09 May 2026

Poisson Theorems and Angular Momentum

Poisson theorem, canonical invariance, cyclic coordinates, and angular momentum brackets.

msc semester-i classical-mechanics poisson-bracket poisson-theorem angular-momentum

This note keeps only the syllabus essentials: Poisson theorems, canonical invariance, cyclic coordinates, and angular momentum brackets.

Poisson theorem

If $f$ and $g$ are constants of motion, then their Poisson bracket is also a constant of motion:

\[\boxed{ \frac{df}{dt}=0, \quad \frac{dg}{dt}=0 \quad\Rightarrow\quad \frac{d}{dt}\{f,g\}=0. }\]
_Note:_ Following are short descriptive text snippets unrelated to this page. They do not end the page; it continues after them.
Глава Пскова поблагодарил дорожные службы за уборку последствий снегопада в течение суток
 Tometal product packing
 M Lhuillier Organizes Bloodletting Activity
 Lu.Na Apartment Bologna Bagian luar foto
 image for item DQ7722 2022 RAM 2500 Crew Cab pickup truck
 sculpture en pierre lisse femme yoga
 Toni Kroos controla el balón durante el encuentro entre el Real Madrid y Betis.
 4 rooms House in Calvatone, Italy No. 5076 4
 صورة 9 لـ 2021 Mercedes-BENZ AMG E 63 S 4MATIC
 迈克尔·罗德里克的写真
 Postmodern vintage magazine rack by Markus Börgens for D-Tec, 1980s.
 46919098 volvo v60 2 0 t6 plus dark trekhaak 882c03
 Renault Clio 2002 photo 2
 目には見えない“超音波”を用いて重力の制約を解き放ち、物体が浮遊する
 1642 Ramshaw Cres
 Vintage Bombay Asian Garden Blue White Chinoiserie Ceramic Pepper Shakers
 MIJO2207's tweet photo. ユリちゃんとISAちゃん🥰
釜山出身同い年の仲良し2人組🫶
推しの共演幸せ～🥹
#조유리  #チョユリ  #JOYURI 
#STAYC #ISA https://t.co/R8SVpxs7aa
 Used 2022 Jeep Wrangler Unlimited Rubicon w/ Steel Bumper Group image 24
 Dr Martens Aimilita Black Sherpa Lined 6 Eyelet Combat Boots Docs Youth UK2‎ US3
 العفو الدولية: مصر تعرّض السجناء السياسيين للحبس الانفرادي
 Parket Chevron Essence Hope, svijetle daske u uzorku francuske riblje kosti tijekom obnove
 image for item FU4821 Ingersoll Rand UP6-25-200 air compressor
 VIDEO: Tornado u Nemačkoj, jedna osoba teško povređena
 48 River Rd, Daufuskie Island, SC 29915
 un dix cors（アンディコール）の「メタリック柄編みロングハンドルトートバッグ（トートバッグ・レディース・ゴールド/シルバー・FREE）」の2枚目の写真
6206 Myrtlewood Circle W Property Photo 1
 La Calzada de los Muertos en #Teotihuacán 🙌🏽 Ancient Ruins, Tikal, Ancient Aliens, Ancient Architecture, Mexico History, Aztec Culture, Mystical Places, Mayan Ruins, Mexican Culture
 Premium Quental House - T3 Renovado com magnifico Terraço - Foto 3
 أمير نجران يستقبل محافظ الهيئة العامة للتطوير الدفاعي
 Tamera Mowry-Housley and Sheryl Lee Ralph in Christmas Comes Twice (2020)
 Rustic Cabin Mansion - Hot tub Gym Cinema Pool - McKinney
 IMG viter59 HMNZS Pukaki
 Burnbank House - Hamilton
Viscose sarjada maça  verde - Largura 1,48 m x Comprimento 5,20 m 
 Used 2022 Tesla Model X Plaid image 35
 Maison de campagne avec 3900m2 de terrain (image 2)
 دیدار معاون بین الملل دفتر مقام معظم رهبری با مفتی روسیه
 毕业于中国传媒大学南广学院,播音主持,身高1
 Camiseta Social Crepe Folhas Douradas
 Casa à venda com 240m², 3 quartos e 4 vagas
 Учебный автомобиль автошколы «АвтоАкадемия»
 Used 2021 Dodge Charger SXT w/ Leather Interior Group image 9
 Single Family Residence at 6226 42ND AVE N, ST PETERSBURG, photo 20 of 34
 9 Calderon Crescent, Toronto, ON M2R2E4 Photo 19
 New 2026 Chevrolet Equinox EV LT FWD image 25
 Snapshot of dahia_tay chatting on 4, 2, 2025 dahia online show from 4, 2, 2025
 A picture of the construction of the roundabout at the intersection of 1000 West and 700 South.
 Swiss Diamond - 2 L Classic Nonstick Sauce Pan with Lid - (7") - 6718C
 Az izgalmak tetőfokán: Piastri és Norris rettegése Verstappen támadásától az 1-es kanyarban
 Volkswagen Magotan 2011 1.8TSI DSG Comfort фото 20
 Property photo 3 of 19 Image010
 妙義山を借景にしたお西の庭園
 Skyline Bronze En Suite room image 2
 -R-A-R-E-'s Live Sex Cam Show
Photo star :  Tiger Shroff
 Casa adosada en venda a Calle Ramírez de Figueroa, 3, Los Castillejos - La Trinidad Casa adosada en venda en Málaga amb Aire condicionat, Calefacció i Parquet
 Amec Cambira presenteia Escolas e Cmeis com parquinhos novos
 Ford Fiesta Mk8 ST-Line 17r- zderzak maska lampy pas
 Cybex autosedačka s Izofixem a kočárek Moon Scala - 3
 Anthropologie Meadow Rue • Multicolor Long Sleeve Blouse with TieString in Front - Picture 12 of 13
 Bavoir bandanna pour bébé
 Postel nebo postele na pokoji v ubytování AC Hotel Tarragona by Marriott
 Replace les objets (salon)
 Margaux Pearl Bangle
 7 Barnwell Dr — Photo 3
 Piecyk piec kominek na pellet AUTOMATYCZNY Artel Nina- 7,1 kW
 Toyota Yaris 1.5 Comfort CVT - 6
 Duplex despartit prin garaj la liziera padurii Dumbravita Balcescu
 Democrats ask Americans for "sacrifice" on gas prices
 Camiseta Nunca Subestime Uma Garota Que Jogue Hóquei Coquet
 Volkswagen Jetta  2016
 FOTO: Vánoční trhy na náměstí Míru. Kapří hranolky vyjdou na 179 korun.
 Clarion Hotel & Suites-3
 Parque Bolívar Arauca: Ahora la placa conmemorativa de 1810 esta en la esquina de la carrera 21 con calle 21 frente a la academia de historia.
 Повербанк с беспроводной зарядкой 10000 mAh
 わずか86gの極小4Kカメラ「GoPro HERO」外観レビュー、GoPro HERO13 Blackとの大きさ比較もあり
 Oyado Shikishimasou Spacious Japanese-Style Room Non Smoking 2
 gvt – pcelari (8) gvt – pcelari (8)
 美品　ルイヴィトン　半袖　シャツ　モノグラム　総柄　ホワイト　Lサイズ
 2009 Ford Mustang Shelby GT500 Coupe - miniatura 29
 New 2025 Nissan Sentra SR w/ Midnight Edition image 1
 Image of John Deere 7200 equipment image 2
For functions with no explicit time dependence, this follows from

\[\{f,H\}=0, \qquad \{g,H\}=0,\]

and the Jacobi identity.

If $q_k$ is absent from $H$, then

\[\frac{\partial H}{\partial q_k}=0.\]

Hamilton’s equation gives

\[\dot p_k=-\frac{\partial H}{\partial q_k}=0.\]

Equivalently,

\[\{p_k,H\}=0.\]

So $p_k$ is conserved.

A transformation $(q,p)\to(Q,P)$ is canonical when

\[\boxed{ \{Q_i,Q_j\}=0, \qquad \{P_i,P_j\}=0, \qquad \{Q_i,P_j\}=\delta_{ij}. }\]

This is often the quickest test for canonicity.

For

\[\mathbf L=\mathbf r\times\mathbf p,\]

the components satisfy

\[\boxed{ \{L_x,L_y\}=L_z, \qquad \{L_y,L_z\}=L_x, \qquad \{L_z,L_x\}=L_y. }\]

In compact form,

\[\boxed{ \{L_i,L_j\}=\epsilon_{ijk}L_k. }\]

These brackets show that angular momentum components generate rotations.

For a central potential,

\[H=\frac{\mathbf p^2}{2m}+V(r),\]

rotational symmetry gives

\[\boxed{\{L_i,H\}=0.}\]

Therefore all components of angular momentum are conserved.